Depuis la sortie de cette note, les négociations entre MR, Engagés, N-VA, CD&V et Vooruit (la fameuse coalition Arizona) ont capoté. Vooruit a conclu que la note était « déséquilibrée », tandis que le MR n’a pas voulu entendre parler d’une taxation des plus- values. Le formateur Bart De Wever a donc retiré la prise. Coup de théâtre? Ballon d’essai avant les communales ? Pour voir ce qui passe, ce qui casse ? Et ce, avant de remettre les mêmes acteurs en selle, autour de la même note, peut-être légèrement édulcorée ? La vérité, c’est que pour nous rien ne passe. Tout casse. Car cette note est une liste d’horreurs pour les travailleurs et travailleuses, pire encore qu’à l’époque du gouvernement Michel-De Wever.
Assurément, une bonne partie de la population belge a été trompée sur la marchandise, le 9 juin dernier. Car si l’on avait pu entendre les partis de droite répéter à l’envi qu’ils étaient les vrais défenseurs du monde du travail, force est de constater qu’ils sont bel et bien revenus aujourd’hui à leurs fondamentaux : la protection des riches et du patronat.
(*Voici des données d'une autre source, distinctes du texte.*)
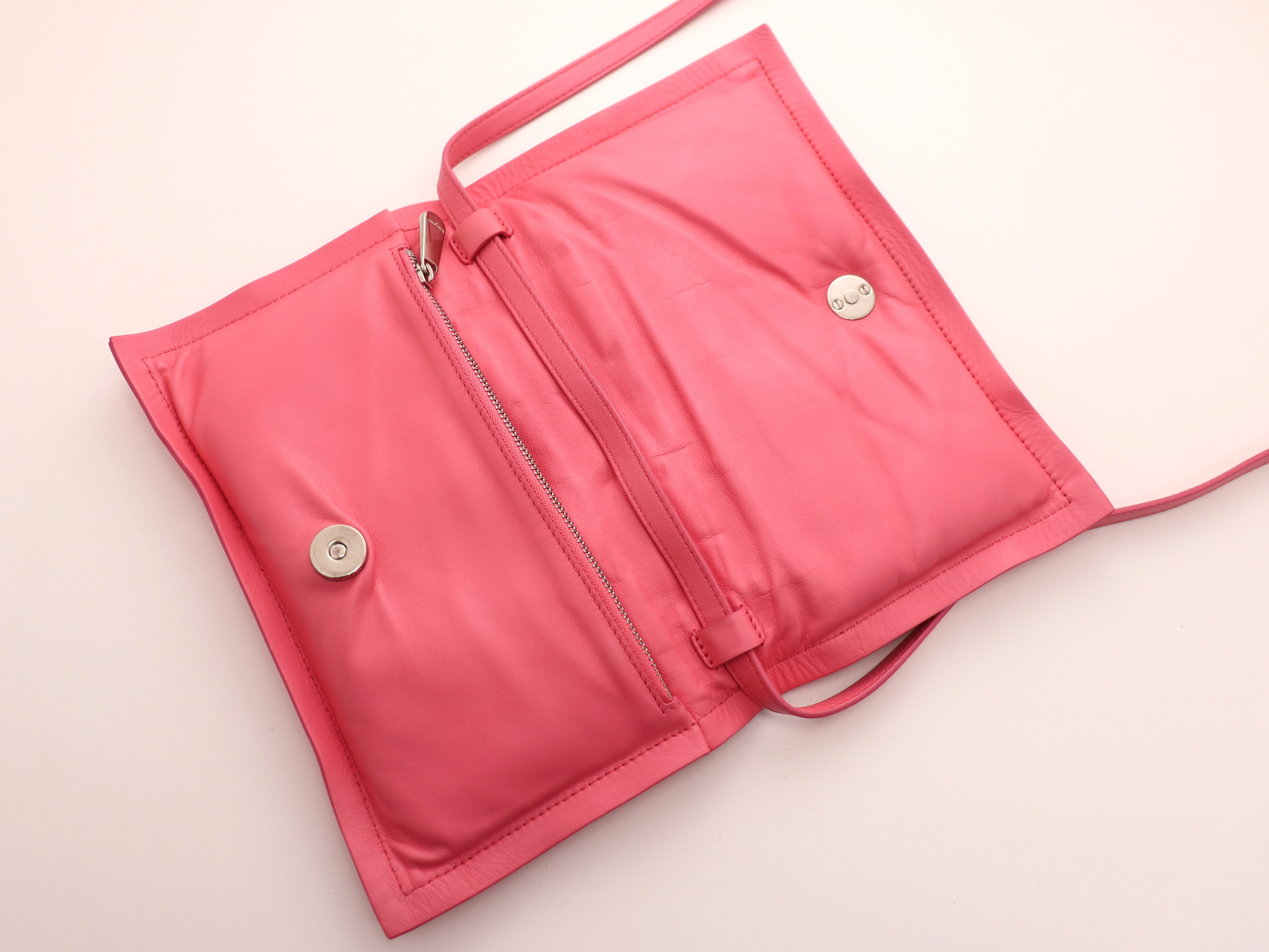 Salvatore Ferragamo　フェラガモ　ヴァラリボン　ショルダーバッグ　ピンク　レザー　【471】L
Donner d’une main, reprendre de l’autre
Certes, ils avaient promis dit qu’ils augmenteraient le salaire net…Mais ils ont oublié de dire qu’ils augmenteraient en contrepartie la TVA, supprimeraient le sursalaire pour le travail de nuit, du dimanche et des jours fériés, supprimerait des avantages fiscaux, toucheraient aux pensions… Autant de mesures cachées, qui sont autant de perte de pouvoir d’achat. Florilège.
Moins de salaires en cas d’heures supp. Aujourd’hui, le travail de nuit est interdit sauf exception négociée dans les secteurs. Demain, ce sera l’inverse. Idem pour le travail du dimanche et des jours fériés. Aujourd’hui, le travail après 20h donne droit à un sursalaire. La note prévoit que désormais, seules les heures après minuit y donneront droit. 360 heures supplémentaires seraient désormais envisageables dans tous les secteurs et toutes les entreprises, sans rémunération supplémentaire et sans possibilité de récupération…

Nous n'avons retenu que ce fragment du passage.